Output the lines below exactly, please, from the first line until the line with "2016 Nissan Sentra Sv", counting both.
----------
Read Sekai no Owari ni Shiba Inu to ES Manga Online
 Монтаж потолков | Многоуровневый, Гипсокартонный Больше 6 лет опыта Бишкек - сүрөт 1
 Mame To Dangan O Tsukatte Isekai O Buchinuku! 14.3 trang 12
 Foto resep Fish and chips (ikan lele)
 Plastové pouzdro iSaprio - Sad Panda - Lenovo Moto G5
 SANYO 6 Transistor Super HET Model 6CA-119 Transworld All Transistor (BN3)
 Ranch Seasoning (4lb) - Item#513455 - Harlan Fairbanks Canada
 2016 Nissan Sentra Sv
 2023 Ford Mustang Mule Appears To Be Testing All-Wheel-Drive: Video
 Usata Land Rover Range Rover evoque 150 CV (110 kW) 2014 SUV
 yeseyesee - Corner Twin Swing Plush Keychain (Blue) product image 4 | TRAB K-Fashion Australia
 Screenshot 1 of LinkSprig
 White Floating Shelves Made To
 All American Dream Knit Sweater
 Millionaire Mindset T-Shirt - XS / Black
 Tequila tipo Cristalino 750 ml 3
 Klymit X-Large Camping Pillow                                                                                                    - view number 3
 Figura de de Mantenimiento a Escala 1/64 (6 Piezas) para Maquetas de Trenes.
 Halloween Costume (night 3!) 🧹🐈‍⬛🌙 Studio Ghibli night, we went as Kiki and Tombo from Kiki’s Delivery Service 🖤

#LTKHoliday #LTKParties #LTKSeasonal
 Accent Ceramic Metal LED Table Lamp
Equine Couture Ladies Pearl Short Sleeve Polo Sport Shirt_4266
----------
● PROBLEM SOLUTION
Read Sekai no Owari ni Shiba Inu to ES Manga Online
 Монтаж потолков | Многоуровневый, Гипсокартонный Больше 6 лет опыта Бишкек - сүрөт 1
 Mame To Dangan O Tsukatte Isekai O Buchinuku! 14.3 trang 12
 Foto resep Fish and chips (ikan lele)
 Plastové pouzdro iSaprio - Sad Panda - Lenovo Moto G5
 SANYO 6 Transistor Super HET Model 6CA-119 Transworld All Transistor (BN3)
 Ranch Seasoning (4lb) - Item#513455 - Harlan Fairbanks Canada
 2016 Nissan Sentra Sv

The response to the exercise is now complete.